Friday 8 March 2013

Attitudes Towards Touch and Outcomes From the Lack of Touch


Attitudes Towards Touch

We all know too well that we live in a fast paced, goal directed, multitask oriented world but our need for touch remains – that’s one of the reasons why people keep pets, so that they can touch them and be touched.

The potency of touch holds immense potential for use and misuse, the potential for harm as well as healing.  The tender, loving touch of a parent has long been recognized as a primal need.  The simple kiss a parent plants on a toddler’s scraped knee is universally accepted as the best medicine. 

But today, with our media full of terrible stories of child abuse some adults are becoming increasingly uncomfortable about touching youngsters. Dr Tiffany Field founder of Touch Institute of the University of Miami’s School of Medicine, Florida,  says "We've become such a litigious society," "Children are touch deprived”. 

As I wrote those words last year a Channel 9 News (NSW, Australia) report caught my attention.  The story’s heading was “Touch too much: pupils protest at school ban on contact”.  The report said: “Pupils at a Mornington Peninsula primary school have staged a protest on their school oval after they were banned from hugging or giving each other high-fives in a move blasted as ‘outrageous’ and ‘unbelievable’ by parents.”  The ban includes contact sports and playing “tiggy”.  

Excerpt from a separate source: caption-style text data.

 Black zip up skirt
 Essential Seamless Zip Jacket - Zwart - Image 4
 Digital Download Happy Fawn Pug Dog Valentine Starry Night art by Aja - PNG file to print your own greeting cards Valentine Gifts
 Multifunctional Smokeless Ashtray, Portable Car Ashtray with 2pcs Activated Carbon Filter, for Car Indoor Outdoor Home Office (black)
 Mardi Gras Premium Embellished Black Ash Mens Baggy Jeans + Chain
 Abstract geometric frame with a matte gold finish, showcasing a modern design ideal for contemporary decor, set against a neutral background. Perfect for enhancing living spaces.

Outcomes from the Lack of Touch

Children raised with a lack of touch have abnormally high levels of stress hormones and a lack of touch can have a profound impact on the will to live. Abused, neglected or touch deprived children learn not to trust touch. They tend to have great difficulty feeling of value, feeling truly powerful, or of forming reciprocally supportive relationships as adults. They are injured by the lack of touch or by abusive touch.

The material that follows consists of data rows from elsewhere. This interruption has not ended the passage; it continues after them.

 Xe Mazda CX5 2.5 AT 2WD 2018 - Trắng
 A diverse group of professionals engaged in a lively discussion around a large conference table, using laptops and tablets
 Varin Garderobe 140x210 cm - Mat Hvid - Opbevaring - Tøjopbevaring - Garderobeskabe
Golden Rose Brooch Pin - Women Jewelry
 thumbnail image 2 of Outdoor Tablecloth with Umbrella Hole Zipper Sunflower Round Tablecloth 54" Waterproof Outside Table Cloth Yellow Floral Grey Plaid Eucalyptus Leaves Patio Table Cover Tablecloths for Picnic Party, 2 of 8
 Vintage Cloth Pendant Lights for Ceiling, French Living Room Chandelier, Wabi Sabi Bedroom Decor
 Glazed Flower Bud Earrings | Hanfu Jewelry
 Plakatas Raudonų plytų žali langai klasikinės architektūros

Touch deprived children can demonstrate developmental delays, lack concentration and develop symptoms indistinguishable from autism. The effects of touch deficiencies can have lifelong serious negative ramifications. Frances M Carlson, author of “Essential Touch: Meeting the Needs of Young Children” says “What I think we don’t understand in this culture is that withholding touch from children from fear is as physically and emotionally harmful to children as harmful touch is”.

Numerous studies have shown that children who are appropriately held, hugged, cuddled and touched enjoy better health and growth, mentally and physically and turn out to be more intelligent than those children who are “touch starved”.  

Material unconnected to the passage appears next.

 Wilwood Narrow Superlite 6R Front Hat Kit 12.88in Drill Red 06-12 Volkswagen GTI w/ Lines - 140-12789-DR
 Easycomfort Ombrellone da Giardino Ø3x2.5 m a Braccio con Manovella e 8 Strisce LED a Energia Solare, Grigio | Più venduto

Infants and children who receive regular massage experience many benefits and an overall sense of well being and in their “earliest stages of development have higher scores on physical, emotional, and interpersonal skills”.

Teaching parents infant massage and encouraging them to see it as a lifelong gift for their children and hopefully their children’s children is, I believe, one of the cornerstones in the building blocks of parenting and child development. 

Additionally, the ‘icing on the cake’ is that as many of these massaged children grow older they begin to return this gift to their parents offering them a massage too.  One child has been quoted as saying “When my Dad is angry I massage him and he is not angry anymore”!!

But we need to be cognizant of the pressures of touch phobia and not allow this to cause significant health issues to our future generations. Infant massage may not be the cure-all for that. But it's a very good start. 

Encouraging parents to massage their babies and to continue this practice for as long as possible, and hopefully into adolescents is good for humanity.

When we start touching one another it brings in trust, intimacy, vulnerability and kindness perhaps then there will be less violence, less disregard for human life and more understanding.